Books represent some of the first opportunities children have to explore the world. But in the U.S. where children’s books remain overwhelmingly white among a growing young minority population, those books are usually far less diverse than the groups of children reading them.
“I think it’s really important for kids to see themselves in literature,” Ann Marie Wong, editorial director of the Scholastic Reading Club, said. “They deserve to have that indescribable feeling when you get a book and it really speaks to you, when you feel like you’re not alone.”
Scholastic recently teamed up with We Need Diverse Books, an organization that advocates for diversity in children’s and young adult literature, to offer a reading list for libraries and classrooms. The list highlights titles that tell a range of stories about people of color, LGBTQ identities, disability and other stories that are less-often told.
Wong and Dhonielle Clayton, vice president of We Need Diverse Books, stressed that good storytelling on a range of topics benefits all children and young adults, not just ones who belong to the communities they portray. “By having kids read cross-culturally, it really helps them have a common language of accepting and understanding,” Clayton said.
Check out our list below for some of Wong and Clayton’s favorites for kids and young adults.

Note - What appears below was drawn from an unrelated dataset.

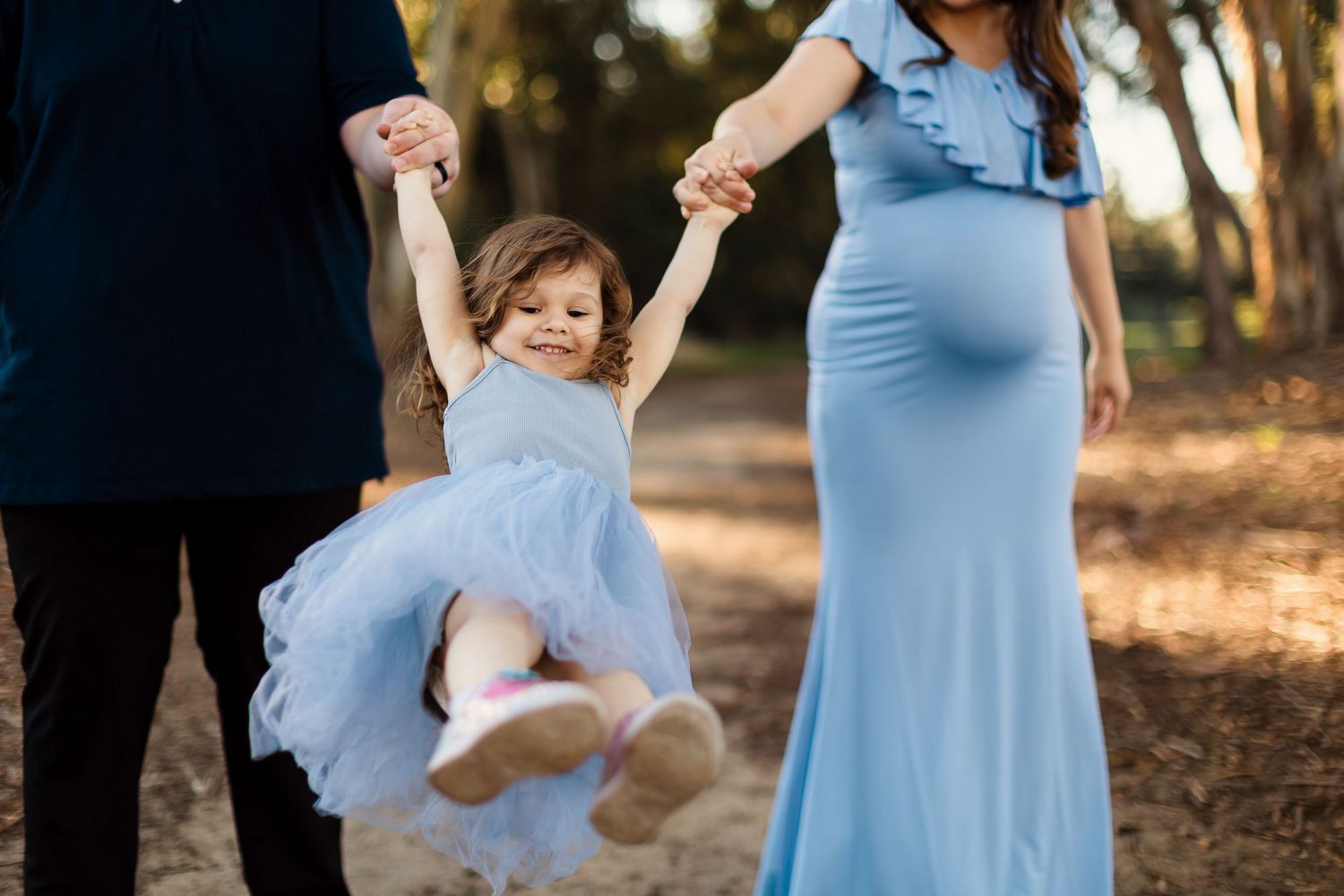 Family enjoys a tender moment in a sun-dappled forest wearing coordinating light blue and white outfits.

“Last Stop on Market Street” by Matt de la Peña
CJ rides the bus with his grandma after church every week, but wonders why his family doesn’t have a car like some of the other kids he knows. On the ride, he talks with his grandma about his community and meets a variety of characters in illustrations by Christopher Robinson. The book explores what it means to address class and identity at a young age, Clayton said. Wong described the book as “a wonderful story about family and community.”
“Red: A Crayon’s Story” by Michael Hall
This book follows the story of a crayon that is labeled red, and who everyone insists is red, but who draws in blue. The crayon’s story shows kids that it is okay to identify outside of the labels that are assigned to you by the rest of society, Clayton said. “This metaphor can extend to lots of different things,” she said. “I use it a lot to talk to my kindergartners about when you feel different on the inside, but the way you look on the outside doesn’t match.”

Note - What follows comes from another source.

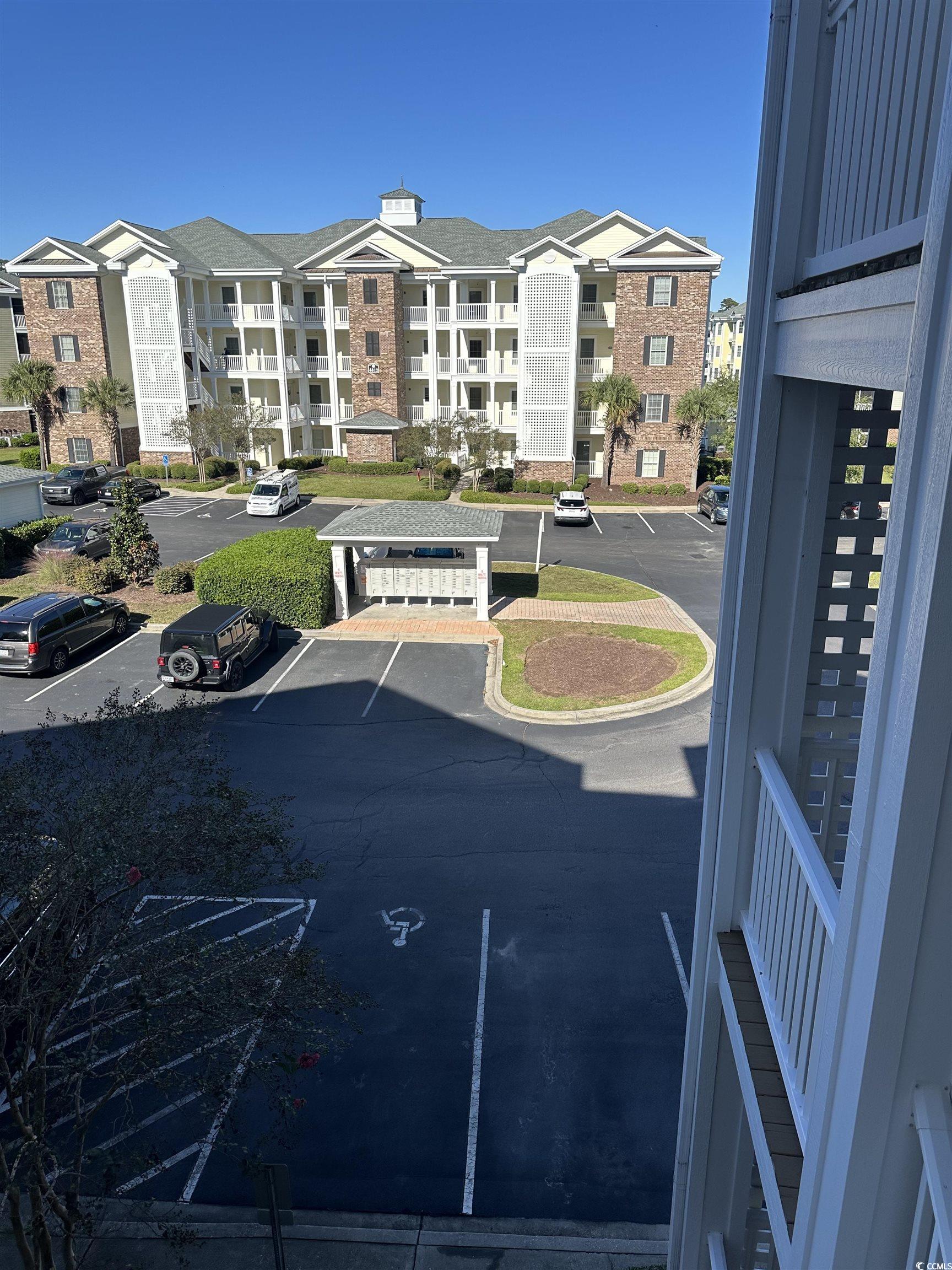4811 Magnolia Lake Drive, Unit 302 Myrtle Beach, SC 29577 - Photo 35 of 39 View of uncovered parking lot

“Tutus Aren’t My Style” by Linda Skeers
Emma, who loves pirates and playing with frogs, is confused when she receives a tutu in the mail as a gift from her uncle. The book addresses expectations for young women and “opens up a conversation, especially for younger kids, about ‘boy stuff’ and ‘girl stuff,'” Clayton said.
“George” by Alex Gino
George is a fourth-grader who was assigned the male gender at birth, but who knows that she is a girl. When her school decides to put on the play “Charlotte’s Web,” George decides to audition for Charlotte, beginning a process of understanding what her gender identity means for herself and her community. Clayton said this story was the first book she has seen for middle readers that has a transgender protagonist.
“The Marvels” by Brian Selznick
Selznick has long been a popular author among middle readers. “The Marvels” spans the story of Billy Marvel and his descendants from 1766, when Marvel is working on a whaling ship, to early 20th-century London. The book is more than 600 pages long, but 400 of those pages are illustrations. Wong recommended this book for kids who are interested in art or history.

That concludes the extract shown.